A study on ADHD entrepreneurship showed that when an entrepreneur with ADHD is pitted against those without ADHD they perform better. But, there are some easy mistakes that I have spotted in the ADHD clients I coach that are foundational to success once you stop doing them.
Table Of Contents
- 1 Entrepreneur With ADHD Mistake #1 Not Having A Routine
- 2 Mistake #2 Not Delegating Boring Tasks
- 3 Entrepreneur With ADHD Mistake #3 Not Taking Enough Breaks
- 4 Mistake #4 Not Hiring An ADHD Coach
- 5 Entrepreneur with ADHD Mistake #5 Not Being In A Progressive Community
- 6 Mistake #6 Not Having Strategies for Your Rejection Sensitivity Dysphoria
- 7 Mistake #7 Not Utilising Automation
Entrepreneur With ADHD Mistake #1 Not Having A Routine
Yes, a routine is possible when you have ADHD—don’t believe the naysayers.
An evening routine helps you to have the right energy to complete the key tasks to actually accomplish them
Mistake #2 Not Delegating Boring Tasks
Let’s face it there are tasks that are just boring and even on medication these tasks are not worth your time or energy.
When an ADHD entrepreneur first joins my program, the majority struggle with the art of delegation.
Often, these professionals want to feel that they are in control; essentially, they sabotage their success themselves by being sticklers, as they believe the lie that only they can do that particular task good.
The truth is, it’s down to having trouble breaking down the planning process, which is an executive function deficit.
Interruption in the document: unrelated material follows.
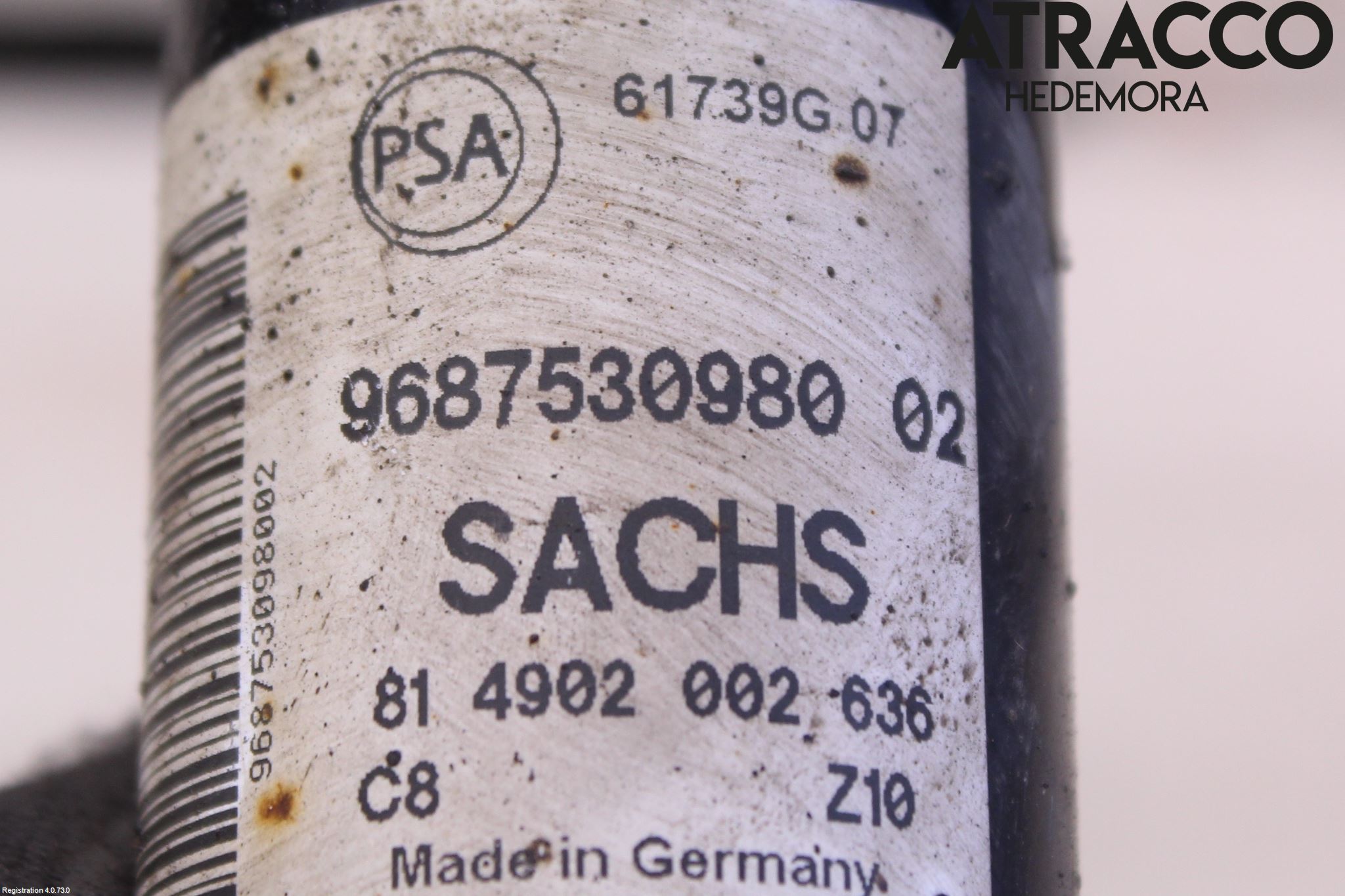 Peugeot PARTNER 16-18 Stötdämpare Bak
Once you know how to plan in a way that your brain is wired, it becomes easier to delegate as you have a clear process that leaves little room for mistakes, that anyone can follow them.
Entrepreneur With ADHD Mistake #3 Not Taking Enough Breaks
There is a myth that if you pause when in hyper-focus mode, you end up having difficulty restarting, lose momentum or forget what they were doing all together.
5-Minute breaks will help to refuel your cognitive functions, so your brain is primed to work in high-performance modeRuth-Ellen
The truth is, taking breaks make you more productive, because when you’re working from your deficit, you are more likely to make errors.
As you know, going back to correct errors takes more time the more errors you have.
And in turn, when you’re working from your surplus, you speed up your progress because you have more clarity and presence when you’re taking action.
Research has shown that people who take “better breaks” experience better health and increased job satisfaction – following a “better break” (earlier in the day, doing things they preferred) led workers to experience less somatic symptoms, including headache, eyestrain and lower back pain after the break.
Better breaks isn’t about filling your 5 minutes with non-work-related tasks, it’s the enjoyment of the activity, the want not the need!
So what do better breaks look like?
Breaks that are physically active – That get you up and moving, touching, smelling, talking – active. Stretch, juggle , do some jumping jacks, put your diffussor on and smell some essential oils.
Better break ideas are included your pleasant list –
Pleasant lists are part of DBT, where I encourage a list of activities that help you to regulate your emotions, from domestic to passive to sensation seeking. Grab the pleasant list here (opt in not required)
Mistake #4 Not Hiring An ADHD Coach
ADHD is a cognitive difference, and many ADHDer’s will have difficulties in executive function areas as well as healing from traumatic experiences despite a strong desire and attempts to overcome these difficulties there will be oceans of shame when these difficulties become barriers.
Traditional methods of coaching, while effective, will often not work for someone who has ADHD!
There is a good case that traditional coaching could do more harm than good if your symptoms and needs are invalidated from a “well meaning coach” (oh the stories I can share).
One example I recall is when I went through Access to Work to get support when I started my first business and received support from a SEN specialist.
Having a tutor help me with my business wasn’t the right support even though she was an “expert” in ADHD.
An example of this “inapprpiate support” was when I shared one of my proposals I was sending for funding.
Long story short my proposal ws ripped to shreds by this ‘coach’ who loved to use her blood like red pen and cross out my work like it was going out of fashion.
I was crushed and wanted to throw my business in the trash (yes rejection sensitive dysphoria had its foot on my neck).
But back then as a people pleaser I didn’t know how to advocate for myself so I sat in my pool of shame
The problem with not getting the right support means that if you’re not feeling supported then you’re not generating more income and then you can’t get further support.
As an ADHD coach, I use gamified, data-driven assessment tools, so we work from a strengths-based approach that focuses on your patterns, strengths, learning style, performance, and how you interact with the world in a holistic way, interested in learning more, book your FREE ADHD Coaching Consult here
Entrepreneur with ADHD Mistake #5 Not Being In A Progressive Community
Your ADHD network is your networth, so who you choose to spend your time with will make you or break you.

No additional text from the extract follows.